Basic Syntax: Input And Output"

chooseCRANmirror(graphics = FALSE, ind = 1)

knitr::opts_chunk$set(echo = TRUE,
                      message = FALSE,
                      warning = FALSE,
                      out.width="100%")

if (!require(pacman)) install.packages("pacman")

p_load(
  lubridate,
  here,
  rio,
  tidyverse,
  drhur
)

Key Points

Basic Concepts

Object-Oriented Programming Language

summary(wvs7)
summary(wvs7$age)

Learning by Doing

R's Polymorphism allows us to use common methods or functions to deal with object types that have not yet been defined. In addition to summary(), plot() is another example of Polymorphism. Please use plot() to process two different objects.

plot(wvs7$age)
plot(wvs7$age, wvs7$incomeLevel)

Function

The principle of OOP: don't change data manually , let the commands do it.
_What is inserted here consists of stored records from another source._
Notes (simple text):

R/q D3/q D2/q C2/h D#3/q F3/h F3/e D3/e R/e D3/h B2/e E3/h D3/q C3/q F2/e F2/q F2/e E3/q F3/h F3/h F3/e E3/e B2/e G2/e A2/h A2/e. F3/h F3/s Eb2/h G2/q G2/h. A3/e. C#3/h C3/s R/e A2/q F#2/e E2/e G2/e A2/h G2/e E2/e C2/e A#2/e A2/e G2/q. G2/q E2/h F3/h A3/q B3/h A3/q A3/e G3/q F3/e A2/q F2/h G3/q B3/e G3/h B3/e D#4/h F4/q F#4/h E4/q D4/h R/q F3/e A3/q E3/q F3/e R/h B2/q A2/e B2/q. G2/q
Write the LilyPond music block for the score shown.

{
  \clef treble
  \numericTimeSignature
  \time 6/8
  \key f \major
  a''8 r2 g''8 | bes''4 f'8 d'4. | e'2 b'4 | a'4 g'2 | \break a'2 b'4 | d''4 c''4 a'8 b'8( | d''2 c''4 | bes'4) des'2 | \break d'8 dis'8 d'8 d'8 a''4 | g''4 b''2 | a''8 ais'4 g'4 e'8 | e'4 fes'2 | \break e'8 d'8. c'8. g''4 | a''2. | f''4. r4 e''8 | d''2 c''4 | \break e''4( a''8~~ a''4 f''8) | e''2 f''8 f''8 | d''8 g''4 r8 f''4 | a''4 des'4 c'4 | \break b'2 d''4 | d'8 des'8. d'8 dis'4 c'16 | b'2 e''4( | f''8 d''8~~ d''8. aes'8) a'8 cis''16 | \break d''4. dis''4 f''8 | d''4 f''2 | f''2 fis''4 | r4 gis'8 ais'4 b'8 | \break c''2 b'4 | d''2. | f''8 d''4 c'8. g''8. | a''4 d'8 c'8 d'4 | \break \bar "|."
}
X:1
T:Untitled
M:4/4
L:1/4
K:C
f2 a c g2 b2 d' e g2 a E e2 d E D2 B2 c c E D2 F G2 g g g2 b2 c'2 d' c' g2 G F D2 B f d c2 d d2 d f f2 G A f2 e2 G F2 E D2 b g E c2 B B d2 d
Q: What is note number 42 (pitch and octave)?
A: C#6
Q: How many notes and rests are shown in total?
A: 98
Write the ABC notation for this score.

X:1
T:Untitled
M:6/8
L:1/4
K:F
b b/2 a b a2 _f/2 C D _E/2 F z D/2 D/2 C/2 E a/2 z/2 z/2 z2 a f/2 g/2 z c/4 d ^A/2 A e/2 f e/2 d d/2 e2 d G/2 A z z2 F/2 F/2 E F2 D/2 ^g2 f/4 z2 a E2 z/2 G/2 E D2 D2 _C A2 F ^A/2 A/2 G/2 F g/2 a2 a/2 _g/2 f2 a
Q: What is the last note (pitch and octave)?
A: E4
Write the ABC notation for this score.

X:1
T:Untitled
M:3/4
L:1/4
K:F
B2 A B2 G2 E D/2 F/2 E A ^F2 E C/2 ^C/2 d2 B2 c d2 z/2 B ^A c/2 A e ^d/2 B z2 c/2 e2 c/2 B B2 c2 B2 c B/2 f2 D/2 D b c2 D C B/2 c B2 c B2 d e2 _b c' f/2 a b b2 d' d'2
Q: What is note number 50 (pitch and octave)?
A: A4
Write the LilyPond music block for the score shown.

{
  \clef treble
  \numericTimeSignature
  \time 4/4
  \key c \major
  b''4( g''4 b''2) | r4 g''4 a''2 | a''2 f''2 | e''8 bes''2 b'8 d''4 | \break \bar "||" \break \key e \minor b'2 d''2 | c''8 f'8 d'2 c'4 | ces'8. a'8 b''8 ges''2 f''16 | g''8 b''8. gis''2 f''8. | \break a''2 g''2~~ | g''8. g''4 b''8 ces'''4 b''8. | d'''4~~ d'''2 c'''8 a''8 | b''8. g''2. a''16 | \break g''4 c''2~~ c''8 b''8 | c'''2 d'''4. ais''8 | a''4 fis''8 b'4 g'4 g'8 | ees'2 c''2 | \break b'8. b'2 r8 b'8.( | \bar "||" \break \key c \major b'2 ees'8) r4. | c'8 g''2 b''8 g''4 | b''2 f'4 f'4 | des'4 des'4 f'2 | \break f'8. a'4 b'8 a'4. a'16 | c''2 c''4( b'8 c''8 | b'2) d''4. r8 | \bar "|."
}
Syntax: <command name>(<target data>, <condition 1>, <condition 2>, ...)

{height=500}

light <- function(finger){
  {{shadow <- finger + 5}}
}
handShadow <- light(finger = 3)
handShadow

Data Packages

{height=300}

<-

Assignment operator, the shorthand for the assign() command

Syntax: <variable name> <- <object>

aValidObject <- 1:5
aValidObject

->, =, <<-

Four symbols for assignment in R:

  1. assign()
  2. <-
  3. <<-
  4. =

Why <-

a <- 12
25 -> b

What Time to Use the Command?

median(y <- 1:10); y
median(x = 1:10); x
new_counter <- function() {
  i <- 0
  function() {
    # do something useful, then ...
    i <<- i + 1
    i
  }
}

Naming Rules

  1. Don't start with a number (Error: 1stday).
  2. No special symbols except . and _ (Error: M&M).
  3. Case sensitive (X != x), ! means "not"/"no", != means "not equal to".
  4. Don't override built-in commands if necessary(avoid: list <- c(1:5)).
  5. Ideographic

Please create a compliant and non-compliant object:

# Create a non-compliant object

# 5var_name <- data_frame($education)


# Create a compliant object

var_name5 <- data_frame(wvs7$education)

Learning by Doing

question("Which variables are compliant? Please select all valid variable names.",
  answer("my_data_frame <- data_frame(wvs7$education)", correct = TRUE),
  answer("mydata&frame <- data_frame(wvs7$education)"),
  answer("MyDataFrame <- data_frame(wvs7$education)", correct = TRUE),
  answer("1data_frame <- data_frame(wvs7$education)"),
  incorrect = "Incorrect")

Data Input

Built-in Data

data()

Learning by Doing

Select a data in data to open and check the variables in it by summary:


# example

data(uspop)
summary(uspop)

Data Types That Can Be Read Directly

Syntax: <name><- <read command>(<data path>)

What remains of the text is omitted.